Co-Pt alloys were studied in detail by a corrosion test under phosphoric acid fuel cell (PAFC) conditions on the well-defined crystallographic structures for a typical combination of the alloy catalysts used in PAFCs, examining the long-life stabilities of the structures and the catalytic activities for O2 electroreduction. The ordered (O) and disordered (D) alloys at the same particle sizes can be obtained by heat-treating the mother alloy in different temperature sequences.
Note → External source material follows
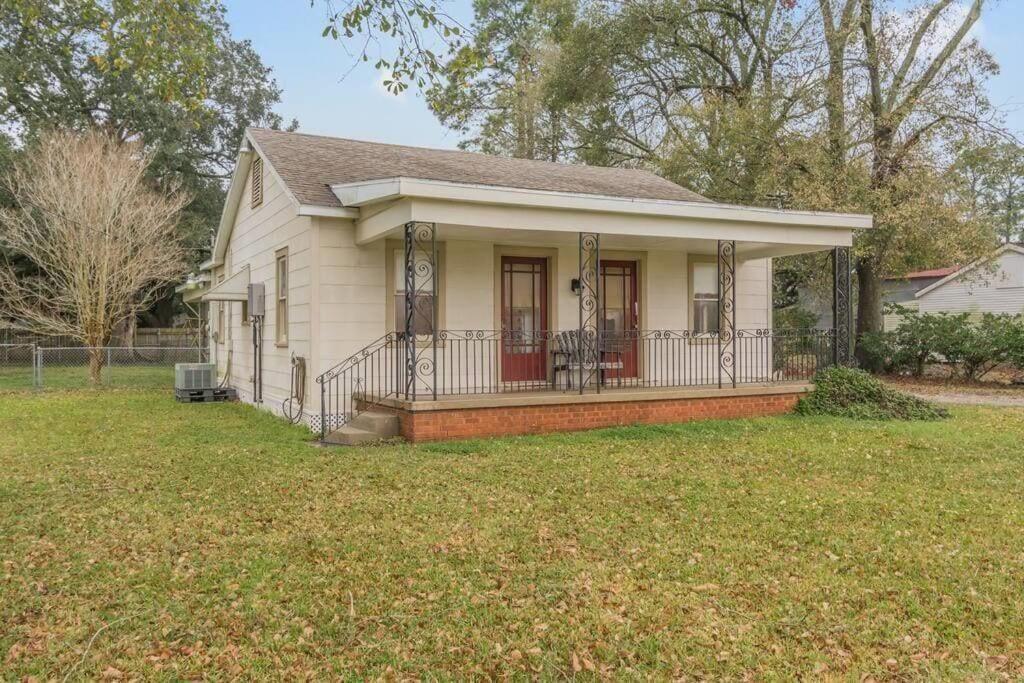 Ella's Vintage Cottage near Cajun field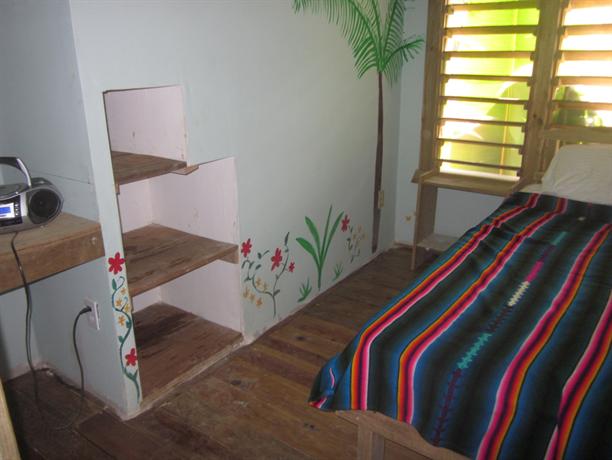 Roatan Backpackers' Hostel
The O-alloy exhibits a specific activity, an electrocatalytic activity based on the catalyst surface area, 1.35 times higher than the D-alloy before the corrosion test, but shows less activity (0.73 times) after the corrosion test, due to a higher degradation (47%) in the O-alloy activity as compared with that of the D-alloy (1%). It was found that the Co atoms on particle surfaces of both alloys dissolve easily in the acid. This is followed by a second slow dissolution from inside the alloy particles probably due to the protective action by a monolayer thickness of Pt remaining on the alloy surfaces, but the loss of Co in the second stage dissolution for the O-alloy is higher by several percentage points compared to that of the D-alloy. It was also found that the Pt content does not change on the catalyst support even after 50 h of corrosion test, but the pure Pt phase is formed in the corrosion product, where the phase for the O-alloy grows faster than that for the D-alloy with corrosion time. Based on these results, obtained by chemical, x-ray diffraction, and transmission electron microscopy with energy dispersive spectroscopy analyses, the corrosion for Pt alloy catalysts is clearly explained, i.e., after the dissolution of Co atoms in the first surface layer of alloys, both Co and Pt dissolve out simultaneously from small-size alloy particles and the Pt redeposits on the surfaces of large-size alloy particles (Ostwald ripening). It is concluded that the D-alloy is preferable to the O-alloy from the viewpoint of the stabilities in the structure and the electrocatalytic activity, differing from previous claims.